Well actually that’s not exactly true, because some awesome films have come out of mankind’s ability to wipe out their fellow species on a wide scale for really dumb reasons. Does that excuse the tragedy and stupidity of war? no. But you can think Silence of the Lambs is awesome and not think, “thank God for real life serial killers!”
This weekend the incredibly tense and atmospheric Dunkirk by Christopher Nolan was released and I thought it was amazing. I’m not doing a full on review because there are far more gifted writers out there than me to rave over the virtues of this Oscar worthy achievement, but I will advise you to go see this in the biggest screen that you can to appreciate the sheer glorious spectacle of this film.

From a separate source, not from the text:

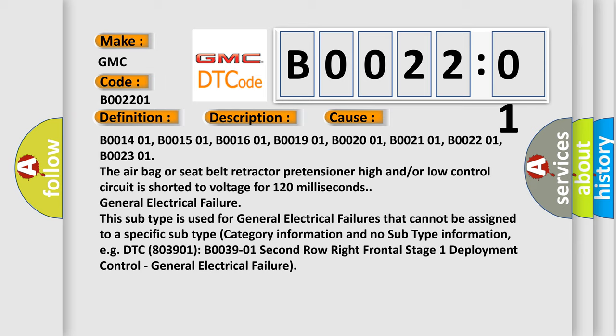General electrical failure. This subtype is used for general electrical failures that cannot be assigned to a specific subtype category information and no subtype information.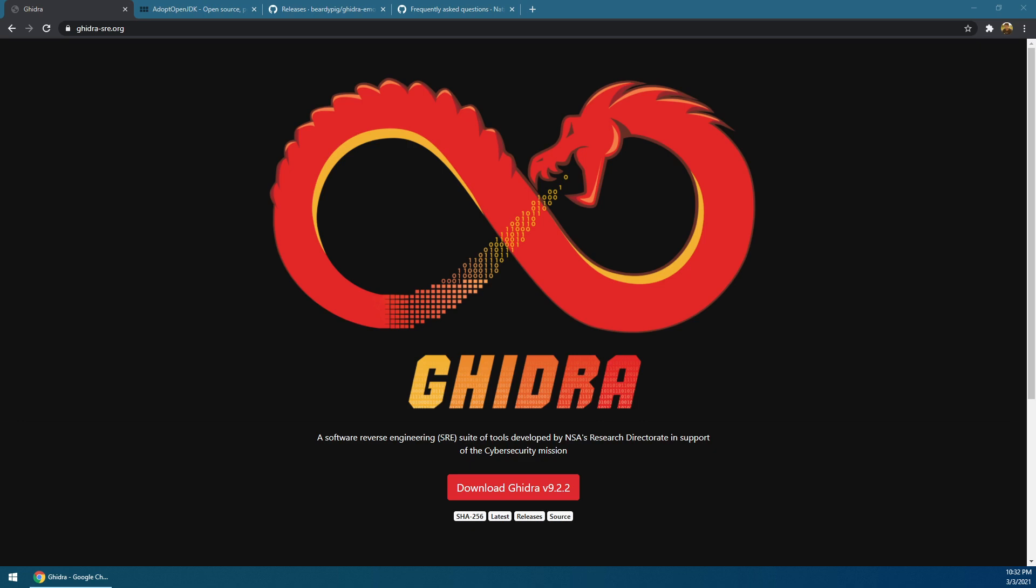In this video, I'm going to show you how to find the base pointer for Tales of Destiny Director's Cut. To do that, we're going to download something called Ghidra.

Instead in a change to the regular Couchzone format I’m going to list some of my favourite war films of all time. As always these aren’t what I am calling the best, but they are my personal favourites.
Battle of Britain (1969)
Today with CGI so prevalent in film making, it’s hard to appreciate what an achievement it was for a sixties film to produce such epic aerial combat scenes as found in Battle of Britain. Everything you’re seeing in this film is real, every dive, manoeuvre, engagement between fighters, is a real plane being flown by a real pilot and filmed by a crew in another plane. It’s an authenticity that may be lost on audiences and probably considered quaint. But then there’s a lot you can call quaint about the film Battle of Britain.
Battle of Britain is an account of the aerial battle that ran for three and a half months in the summer of 1940, an attempt by Germany to win the skies over Britain and achieve one part of conditions for a possible invasion of Britain. It’s a period that’s been seen as our darkest days turning into our finest hour and as such this film is full of heroism, daring pilots rushing off to meet the Hun in the skies and save the day for jolly old England old boy. All accompanied by a stirring triumphant score that’s decided to get the heart racing with pride whenever the RAF fighter squadrons gets the upper hand of the engagements (to be fair the Germans also get a rousing score as well).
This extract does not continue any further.